21.02.2020 06:00 |

Anschober stellt klar

Pflege: „Finanzierung Aufgabe öffentlicher Hand“

Seit zwei Wochen tourt Sozialminister Rudolf Anschober (Grüne) durchs Land, um Gespräche zum Thema Pflege zu führen. Im Interview mit der „Krone“ spricht er über die überraschendste Erkenntnis, die geplante Arbeitsgruppe zur Pflegereform und die offene Finanzierungsfrage.

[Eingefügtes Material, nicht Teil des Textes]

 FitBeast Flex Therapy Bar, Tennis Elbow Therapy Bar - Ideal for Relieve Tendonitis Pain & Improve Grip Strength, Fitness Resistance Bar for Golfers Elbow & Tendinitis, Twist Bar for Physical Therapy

„Krone“: Seit zwei Wochen sind Sie mit Betroffenen im Austausch zum Thema Pflege. Was hat Sie in den Gesprächen bislang am meisten überrascht?
Rudolf Anschober: Das Ausmaß der Bürokratisierung: Mir wurde von Pflegekräften erzählt, dass 20 bis 25 Prozent ihrer Arbeitszeit für Dokumentationsaufgaben und Ähnliches draufgehen. Die Bürokratie zurückzudrehen wird eine der ersten Initiativen sein.

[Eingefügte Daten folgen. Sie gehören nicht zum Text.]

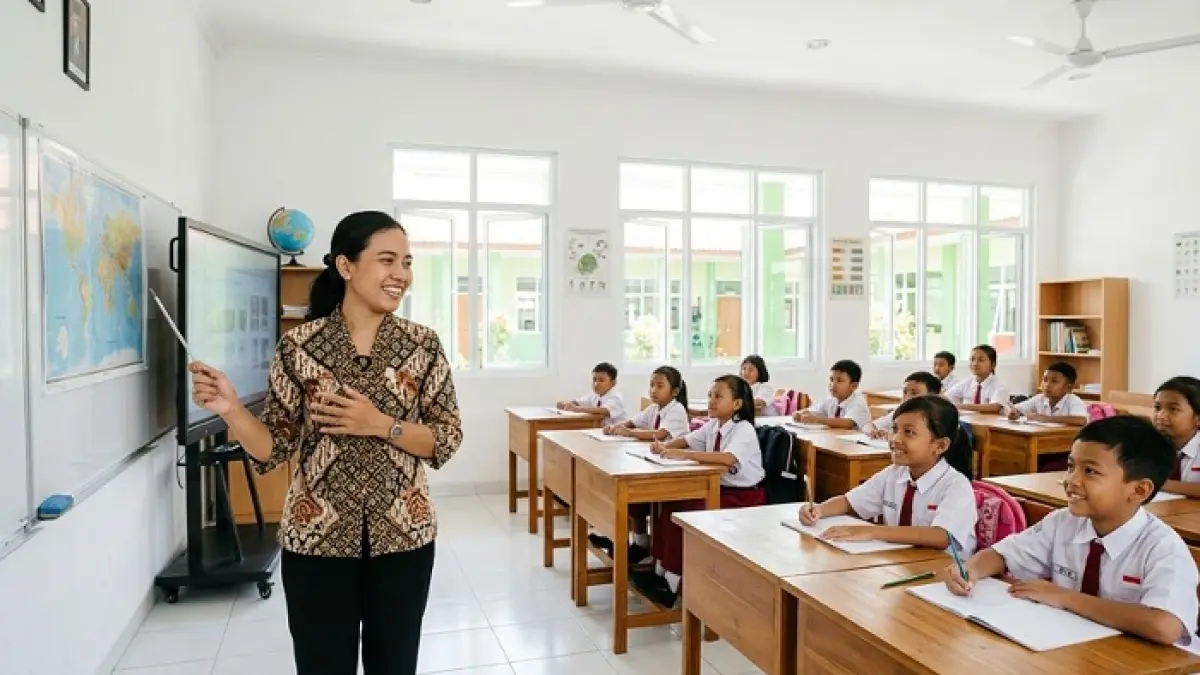 TPG THR 100 persen dan TPG Juni 2026 kembali jadi perhatian guru. DPR usulkan transfer langsung dari pusat. (Ilustrasi Gemini AI)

Ab Anfang Mai soll eine Arbeitsgruppe eine Pflegereform ausarbeiten. Wie wird diese Gruppe aussehen?
Die „Task Force“ wird aus zwei Teilen bestehen: Einerseits wird es zu allen Themenbereichen Workshops geben, in denen sämtliche Experten eingeladen sind, sich einzubringen. Andererseits wird eine politische Kerngruppe, die aus etwa einem Dutzend Menschen bestehen wird, an der Umsetzung der Ergebnisse aus den Workshops arbeiten. Bis zum Herbst soll sie ein Reformprogramm vorlegen.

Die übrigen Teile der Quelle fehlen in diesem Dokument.